So far, HF16 has been a pretty bad release for myself. While I did successfully upgrade to HF16, I didn't do so without casualties, I missed about 4 blocks, ruining the fact that I had only missed 3 blocks since I first begun in August. This was not due to the witness going offline, no, this was due to the first problem:
Disclaimer: I'm not trying to bad mouth the developers at Steemit Inc., STEEM is a very complicated system, and I envy them for having the skills to work on it. But I'd like to get these issues out to the public so that everyone is aware.
It's very disk intensive, and any other steem-based server (or other high disk usage) running on the same physical server may cause you to miss blocks
Because of the Shared DB system, STEEM creates a large virtual memory file on disk, and uses it as a sort-of Page File. This is supposed to reduce RAM, however in some cases it doesn't actually help (more in the next section).

Thanks to this Shared DB system, STEEM is capable of thrashing your disk 24/7, to the point where you may be unable to run any other steem-based server on the same physical server, even if they're isolated within VMs. The optimisations given out in the release page for Linux systems don't seem to address this problem completely, and may need tuning.

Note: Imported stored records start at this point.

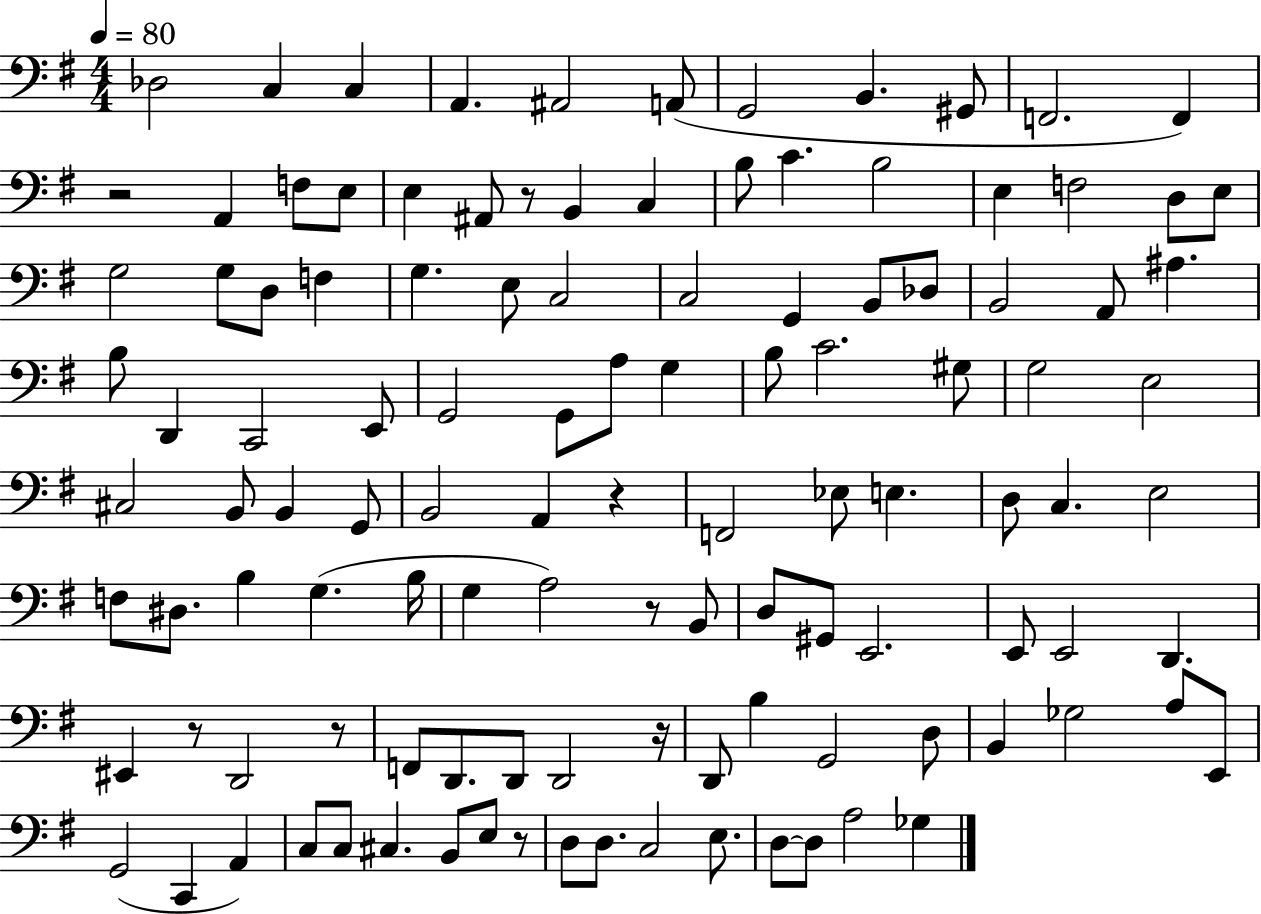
X:1
T:Untitled
M:4/4
L:1/4
K:G
_D,2 C, C, A,, ^A,,2 A,,/2 G,,2 B,, ^G,,/2 F,,2 F,, z2 A,, F,/2 E,/2 E, ^A,,/2 z/2 B,, C, B,/2 C B,2 E, F,2 D,/2 E,/2 G,2 G,/2 D,/2 F, G, E,/2 C,2 C,2 G,, B,,/2 _D,/2 B,,2 A,,/2 ^A, B,/2 D,, C,,2 E,,/2 G,,2 G,,/2 A,/2 G, B,/2 C2 ^G,/2 G,2 E,2 ^C,2 B,,/2 B,, G,,/2 B,,2 A,, z F,,2 _E,/2 E, D,/2 C, E,2 F,/2 ^D,/2 B, G, B,/4 G, A,2 z/2 B,,/2 D,/2 ^G,,/2 E,,2 E,,/2 E,,2 D,, ^E,, z/2 D,,2 z/2 F,,/2 D,,/2 D,,/2 D,,2 z/4 D,,/2 B, G,,2 D,/2 B,, _G,2 A,/2 E,,/2 G,,2 C,, A,, C,/2 C,/2 ^C, B,,/2 E,/2 z/2 D,/2 D,/2 C,2 E,/2 D,/2 D,/2 A,2 _G,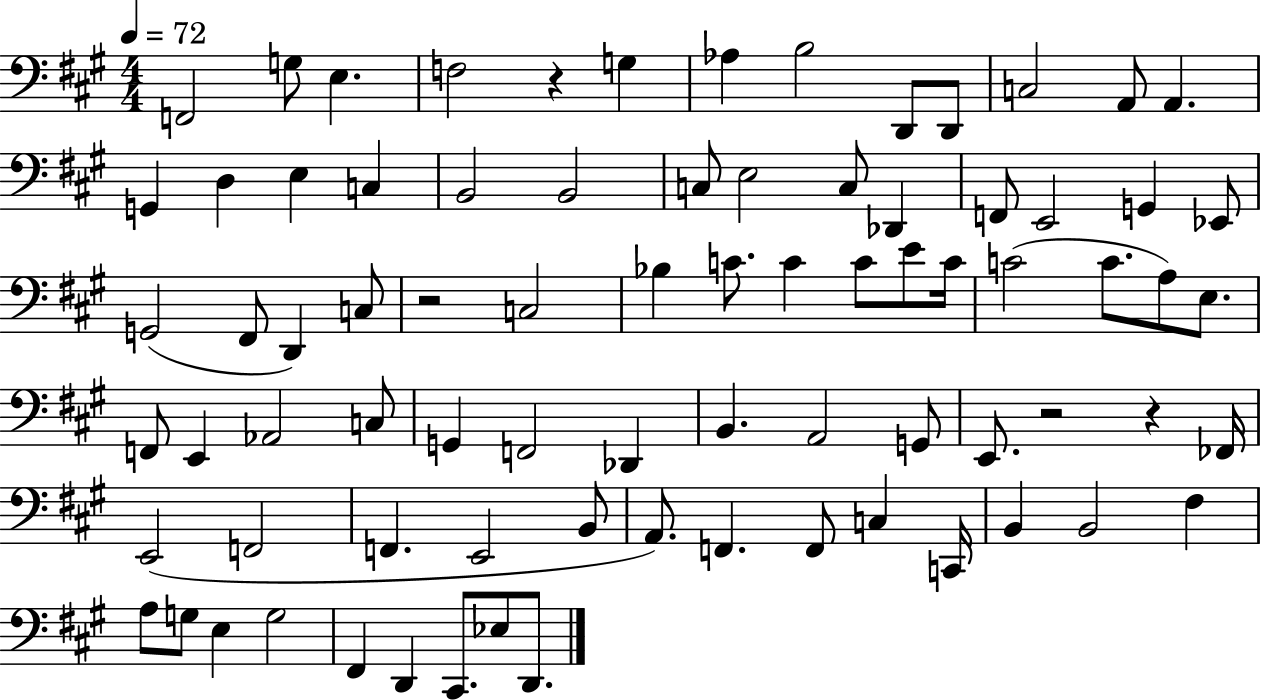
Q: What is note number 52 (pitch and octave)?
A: E2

I learned this lesson, as my GOLOS witness was running on one of my backup witness nodes for STEEM - this had never been an issue before, until now, thanks to the intense disk usage of HF16, my GOLOS node missed almost 200 blocks before I figured out HF16 was to blame.
Thanks to the pressure on the disk, it can cause problems for people trying to run their node on a VPS provider such as DigitalOcean or Linode, due to the disk throttling normally in place. Even for those that don't throttle, the heavy disk usage may result in you getting suspended.
Big variation in RAM usage

Above screenshot - 2 witness servers running on similar hardware, same settings.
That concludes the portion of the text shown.